-- Opening Marker --
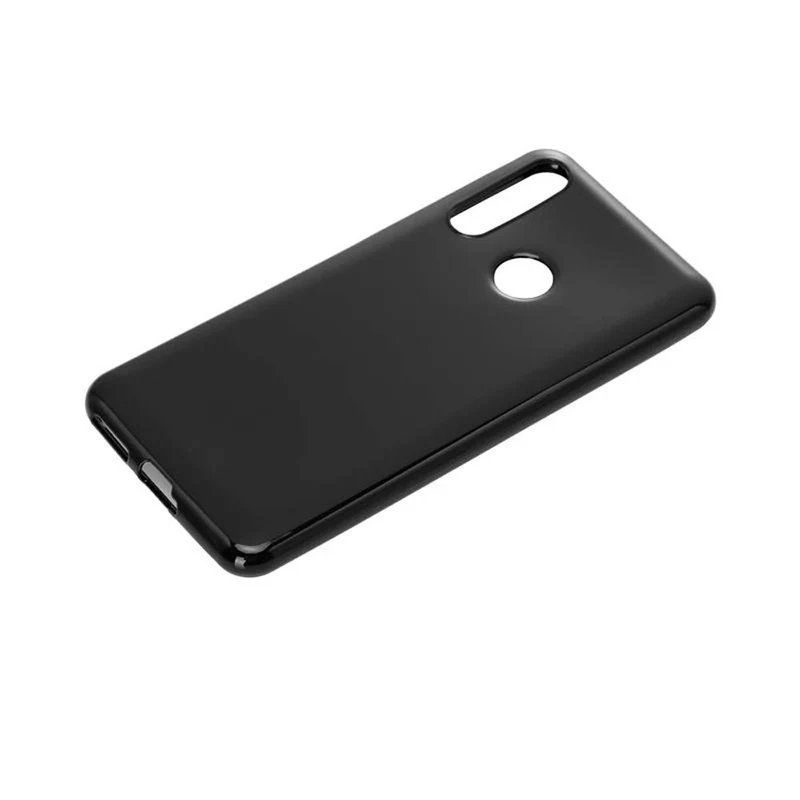 Cadorabo Hülle kompatibel mit Motorola MOTO E6 PLUS Schutzhülle aus flexiblem TPU Silikon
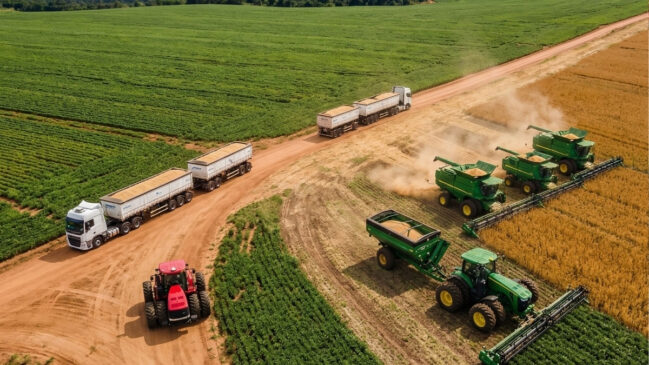 Cidade desconhecida desbanca capitais na exportação de alimentos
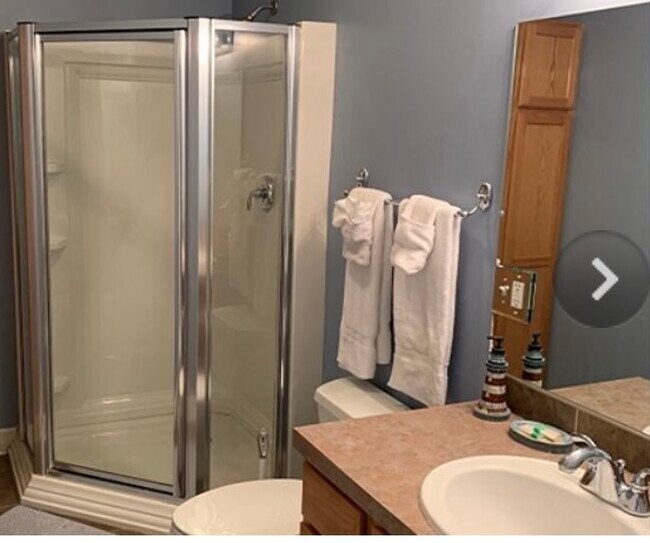 Master bathroom - 208 S Robert St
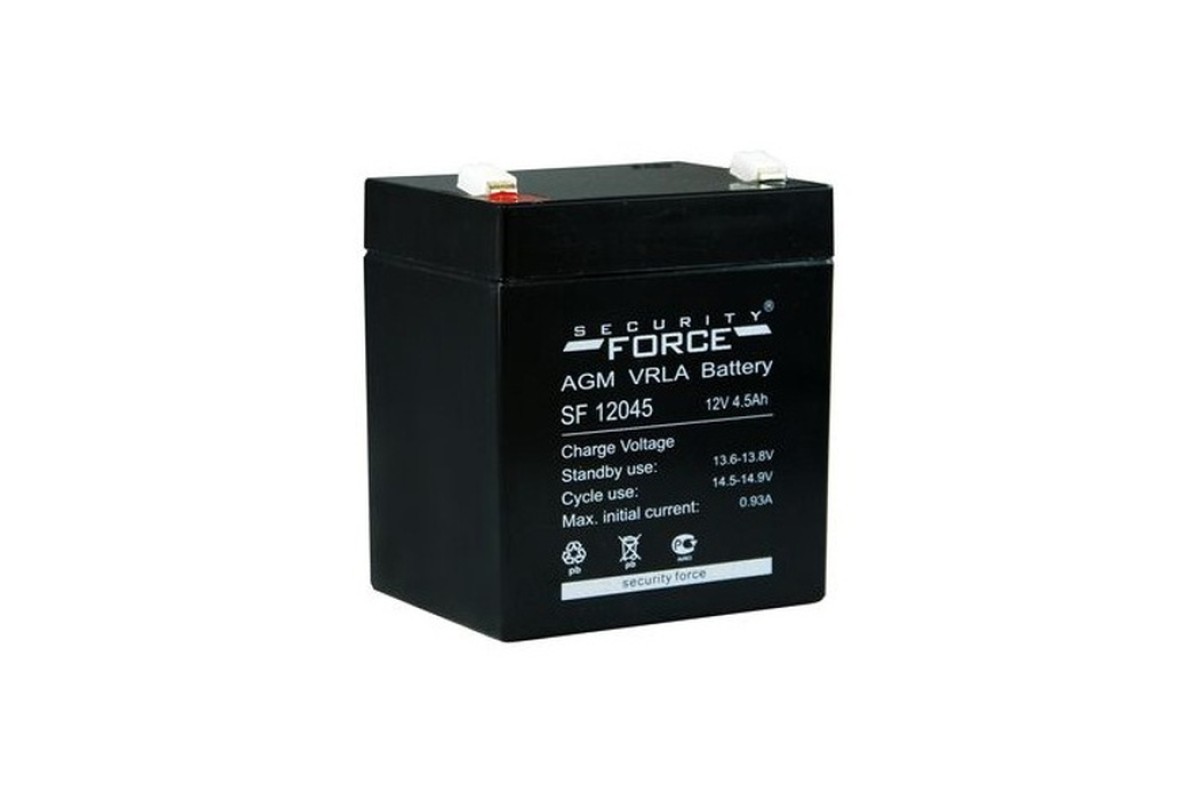 Аккумулятор для эхолота 12V 4.5Ah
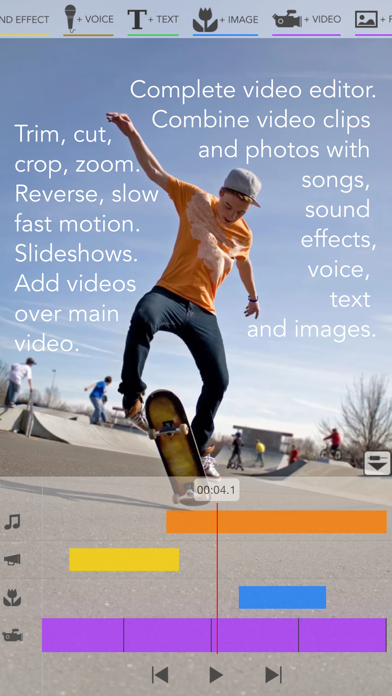 Videocraft: Video Maker screenshot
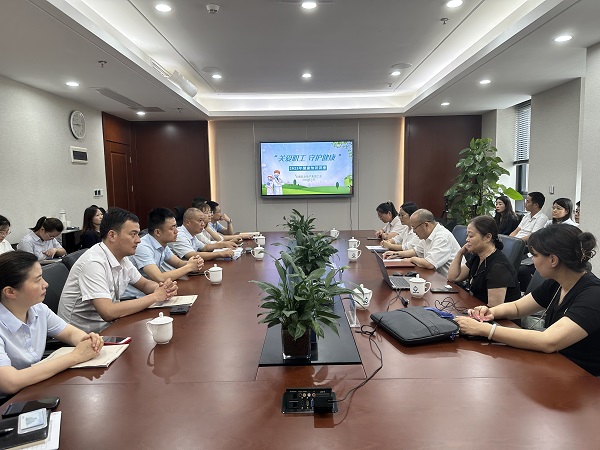 安徽盐业地产集团工会开展“关爱职工 守护健康”知识讲座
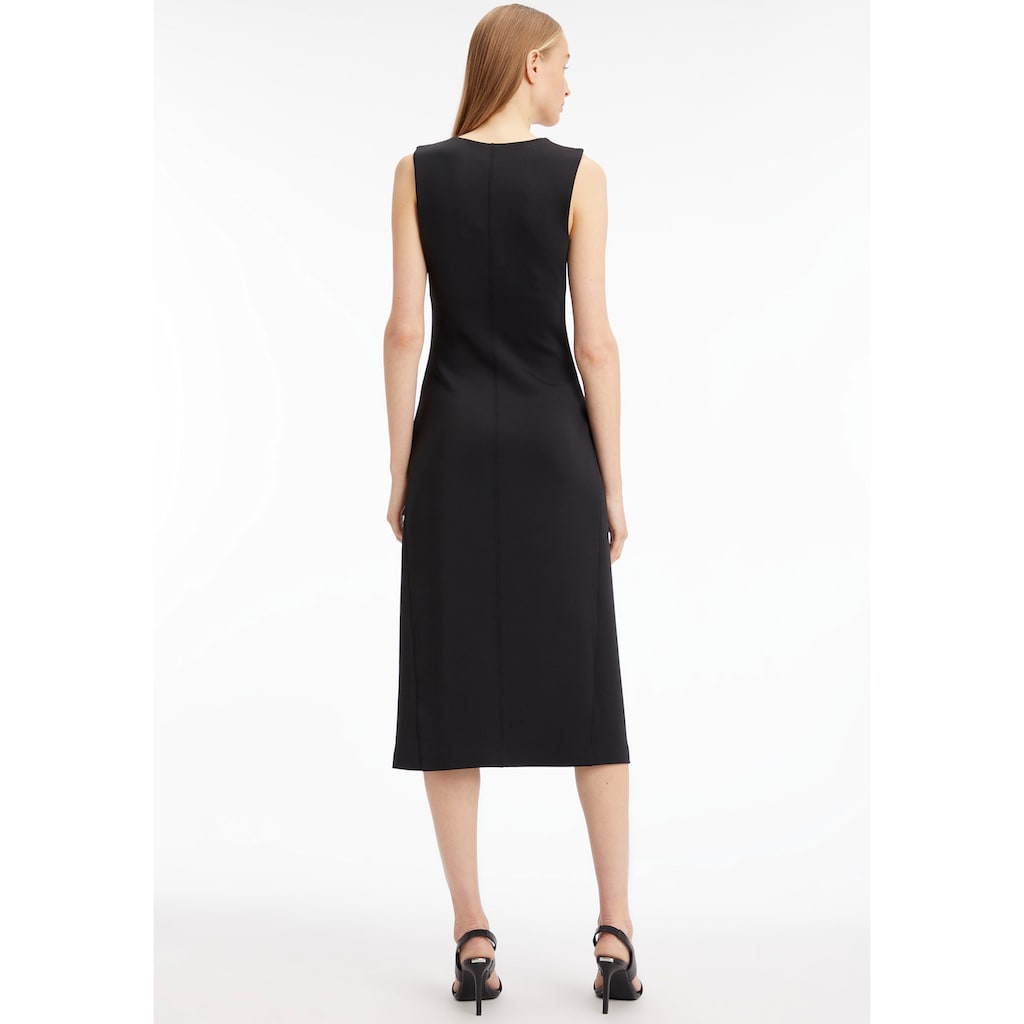 Calvin Klein Midikleid »TECHNICAL KNIT MIDI DRESS«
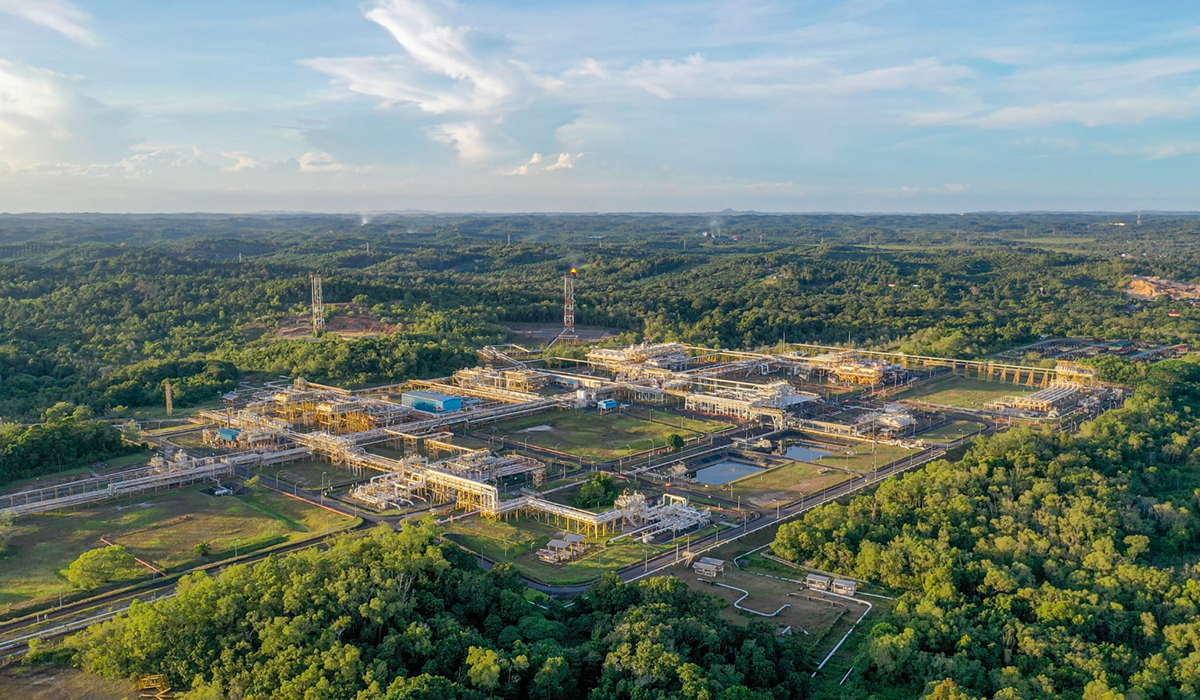 Proyek SWP-G LLP Liquid Debottlenecking di Wilayah Kerja Mahakam, Kalimantan Timur.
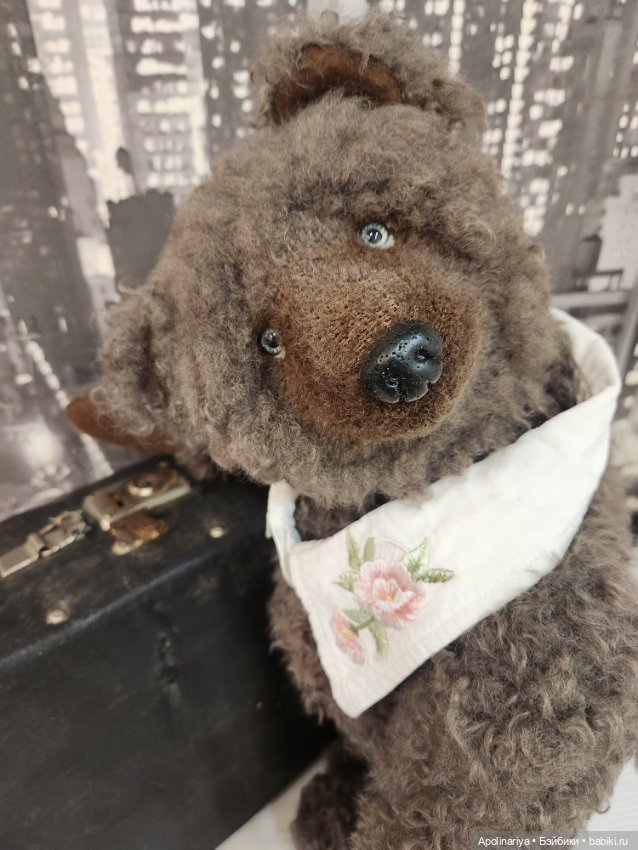 Benjamin мишка-тедди — Авторские мишки Тедди и друзья: фото (фото 5)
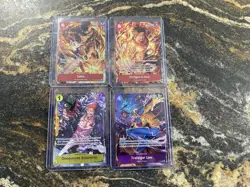 One Piece TCG | Illustration Boxes Vol. 5 & Vol. 6 Promo Set Brand New NM B - Image 1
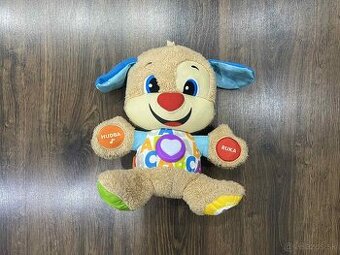 Interaktívny hovoriaci psík Fisher Price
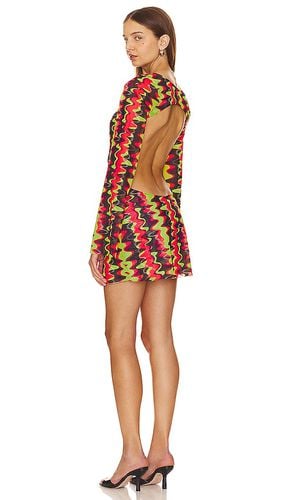 Open Back Mini Dress in . Taglia L, S - Gonza - Modalova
-- Closing Marker --
■ Problem to work on: Quote each record exactly as it stands, minus the pictures.

■ Your response:
 Cadorabo Hülle kompatibel mit Motorola MOTO E6 PLUS Schutzhülle aus flexiblem TPU Silikon
 Cidade desconhecida desbanca capitais na exportação de alimentos
 Master bathroom - 208 S Robert St
 Аккумулятор для эхолота 12V 4.5Ah
 Videocraft: Video Maker screenshot
 安徽盐业地产集团工会开展“关爱职工 守护健康”知识讲座
 Calvin Klein Midikleid »TECHNICAL KNIT MIDI DRESS«
 Proyek SWP-G LLP Liquid Debottlenecking di Wilayah Kerja Mahakam, Kalimantan Timur.
 Benjamin мишка-тедди — Авторские мишки Тедди и друзья: фото (фото 5)
 One Piece TCG | Illustration Boxes Vol. 5 & Vol. 6 Promo Set Brand New NM B - Image 1
 Interaktívny hovoriaci psík Fisher Price
 Open Back Mini Dress in . Taglia L, S - Gonza - Modalova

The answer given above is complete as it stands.